Again, I ask, why are we so afraid, haven’t we seen His grace and mercy
prevail time and time again? Sure we can wait for tomorrow all we want but we
still have to get through today right? So we could be bitter, we could be
angry, blaming God for all this pain and suffering, but if we are to overcome
any of this turmoil we must be willing to grab His hands reaching down not only to save
us but to restore our lives as well. Even in the middle of such hostility the lesson we
relentlessly want to leave our boys is this: Don’t hide who you really are,
don’t allow the darkness others try to fill your life with captivate you or the
light inside your heart. When those who come to destroy and spoil your joy with
bitterness, grief, misery, sorrow and unhappiness remember our Father makes beautiful
things out of our brokenness. He crafts us into beautiful stained glass windows
despite the reasons why we were broken into pieces to begin with. No matter
who or what comes out of the darkness to stand against us, we are not alone,
ever. Our experiences build us; create in us stories that speak of our bravery and
His faithfulness and while they jar us off the course we set for ourselves,
they seldom take us in a direction God hadn’t already shed a light on first!
~ Christina
I really don't know what to say... I can only hope that the rectification that is brought by due process helps speed your closure of this incident and allows for rapid healing of the non-physical effects of the incident...
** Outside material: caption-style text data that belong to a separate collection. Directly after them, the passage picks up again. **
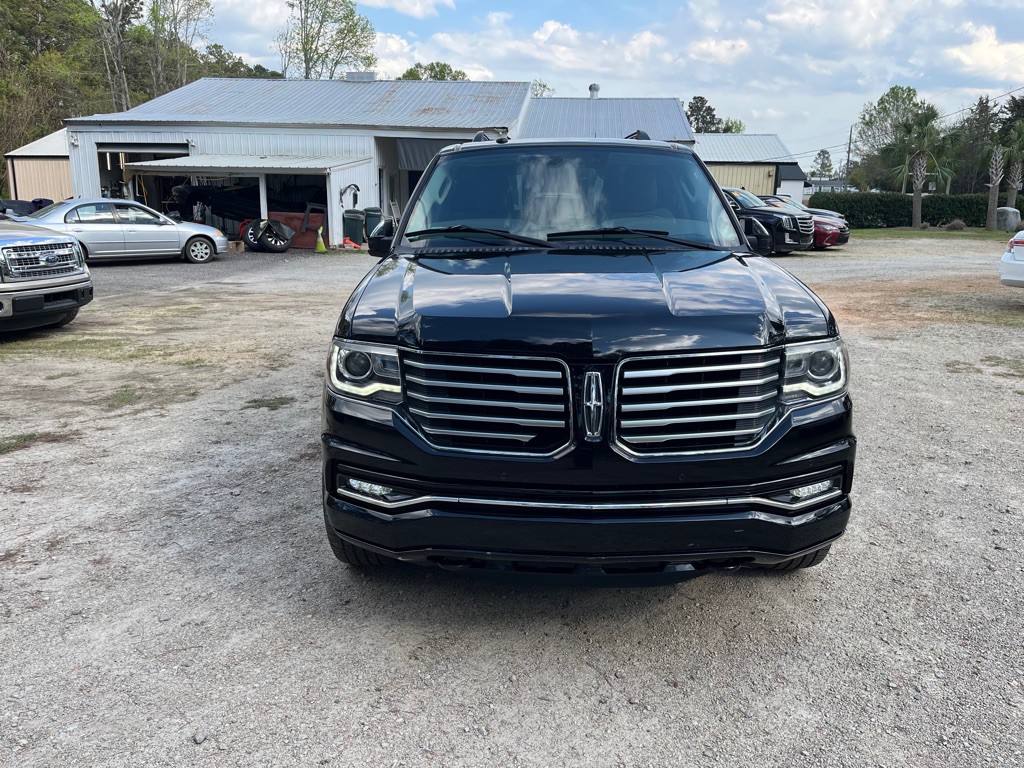 2017 Lincoln Navigator Image 5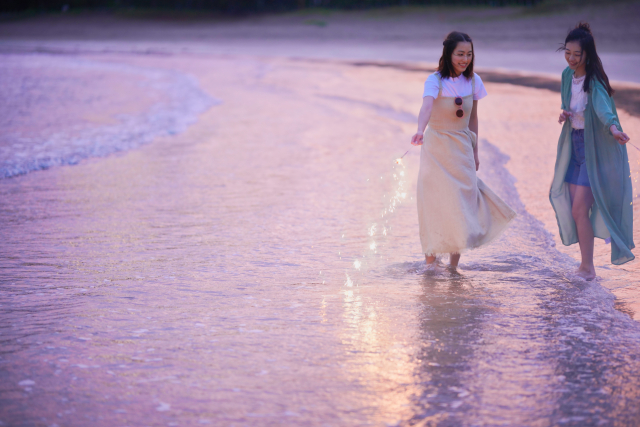 夏服は手元にきらめきを足して夜祭り風に☆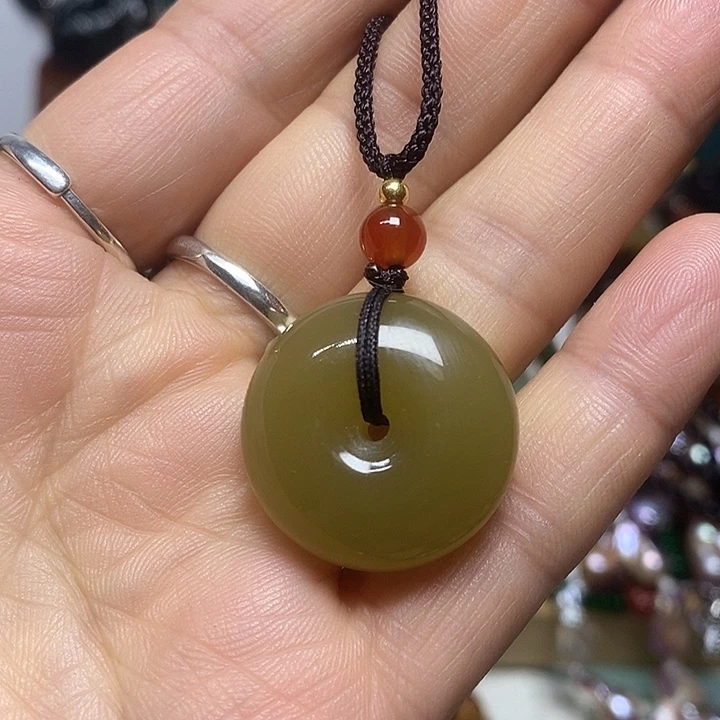 翡翠未镶嵌吊坠(赠链)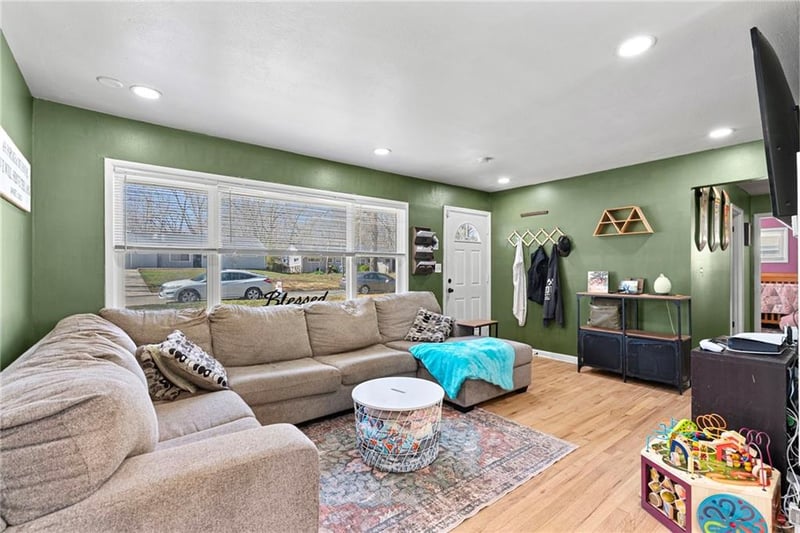 10809 Bristol Ter, Kansas City, MO 64134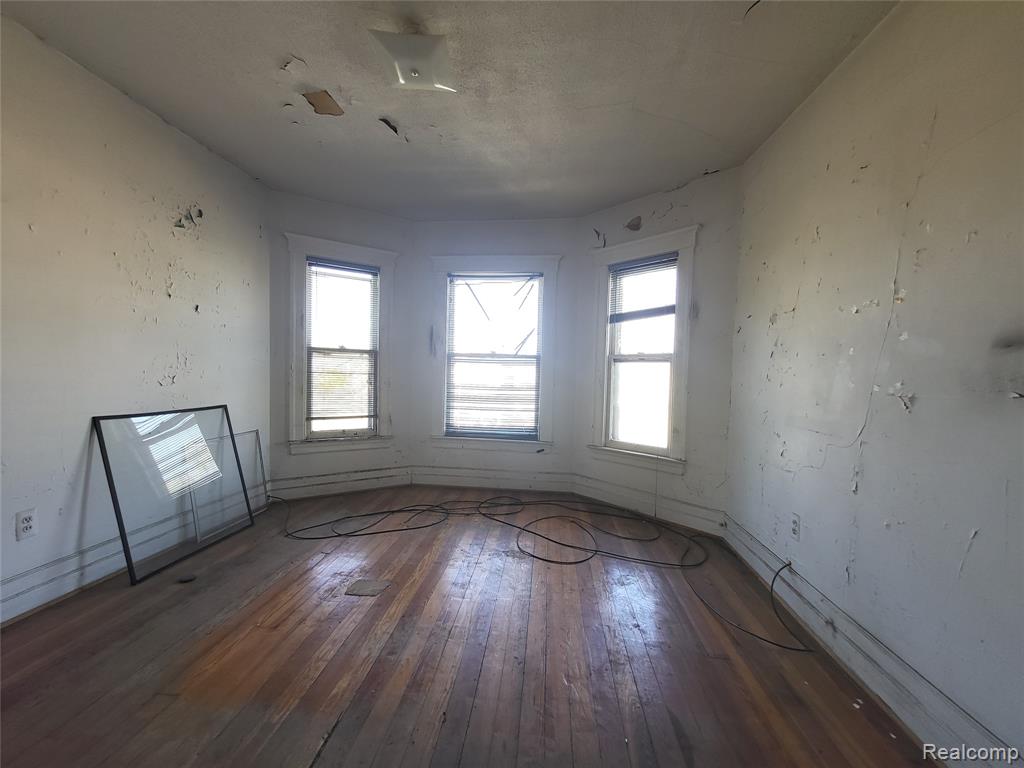 600 Harmon Street, Detroit, MI 48202 — Photo 13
ReplyDeleteI just hope everything will eventually be sorted to your satisfaction, Christina. Dreadful.
ReplyDeleteOh Christina- this is so hard to read. Hearing of children getting hurt is so hard for me to hear. I don't understand children hurting each other. One day while driving I seen a group of kids knock a kid down and start kicking him- I was so heart broken. I stopped my car to yell at them- but what I saw was so horrible. I wish there was something I could do for you and your boy. People/children has to be accountable for their actions- people seems to forget this these days. I feel like not enough children have faith in God (I don't much care what God) and it's so very important for children to feel a presence - a God. I'll keep you in my prayers. I too battled the beast- and it certainly doesn't seem fair you have to deal with this now. It is true cancer does give us something- resilience. Best of Luck with this- let us know if there is anything we can do.